Characterization and forecasting of national-scale solar power ramp events

Abstract

The rapid growth of solar energy is reshaping power system operations and increasing the complexity of grid management. As photovoltaic (PV) capacity expands, short-term fluctuations in PV generation introduce substantial operational uncertainty. At the same time, solar power ramp events intensify risks of grid instability and unplanned outages due to sudden large power fluctuations. Accurate identification, forecasting and mitigation of solar ramp events are therefore critical to maintaining grid stability. In this study, we analyze two years of PV power production from 6434 PV stations at 15-minute resolution. We develop quantitative metrics to define solar ramp events and systematically characterize their occurrence, frequency, and magnitude at a national scale. Furthermore, we examine the meteorological drivers of ramp events, highlighting the role of mesoscale cloud systems. In particular, we observe that ramp-up events are typically associated with cloud dissipation during the morning, while ramp-down events commonly occur when cloud cover increases in the afternoon. Additionally, we adopt a recently developed spatiotemporal forecasting framework to evaluate both deterministic and probabilistic PV power forecasts derived from deep learning and physics-based models, including SolarSTEPS, SHADECast, IrradianceNet, and IFS-ENS. The results show that SHADECast is the most reliable model, achieving a CRPS 10.8% lower than that of SolarSTEPS at a two-hour lead time. Nonetheless, state-of-the-art nowcasting models struggle to capture ramp dynamics, with forecast RMSE increasing by up to 50% compared to normal operating conditions. Overall, these results emphasize the need for improved high-resolution spatiotemporal modelling to enhance ramp prediction skill and support the reliable integration of large-scale solar generation into power systems.

Paper Structure

This paper contains 12 sections, 3 equations, 13 figures.

Figures (13)

  • Figure 1: (a) Satellite-based SSI field and (b) PV power output of the 6434 PV stations, observed on 26 June 2020 at 14:00 UTC. Note that the PV power output is normalized using the station-specific 95th percentile of the power time series. (c) Elevation map showing values in meters above sea level.
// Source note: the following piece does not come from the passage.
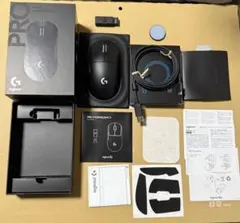 Logicool G PRO X SUPERLIGHT 2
The black and red lines denote national borders.
  • Figure 2: (a) Time series of aggregated PV power production from 6434 PV stations, normalized by the maximum value observed over the displayed period, and (b) the corresponding magnitude of power variations, normalized by the ramp threshold $\Delta P_{\mathrm{tr}}$. Results are shown for the first two weeks of July 2020. The horizontal dashed red line indicates the threshold used to identify ramp events, while the vertical dashed grey lines mark midnight of each day.
  • Figure 3: (a) Empirical probability density of magnitude of the power variation over a time interval of 15 minutes normalized by the threshold $\Delta P_\mathrm{tr}$, measured over the year 2019-2020 for the aggregate PV power generation of 6434 PV stations. (b) Number of ramp events aggregated by hour of the day, with distinction between ramp-up and ramp-down events.
  • Figure 4: Hexagonal bin distribution of ramp magnitude normalized with the threshold $\Delta P_\mathrm{tr}$ as a function of hour of the day for (a) MAM, (b) JJA, (c) SON, and (d) DJF. Color shading indicates the number of samples per hexagonal bin on a logarithmic scale. The dashed white line traces the locus of maximum sample density at each hour, highlighting the most probable ramp magnitude throughout the diurnal cycle. The dashed red line marks the threshold used to identify ramp events. The bin widths are 15 minutes along the x-axis and 0.028 in normalized ramp units along the y-axis.
  • Figure 5: (a-c) Satellite-based SSI fields and (d-f) PV power output of the 6434 PV stations, observed on 23 May 2020 at three time stamps: 09:00 UTC, 10:00 UTC and 11:00 UTC. The black lines denote national borders. Note that the PV power output is normalized using the station-specific 95th percentile of the power time series.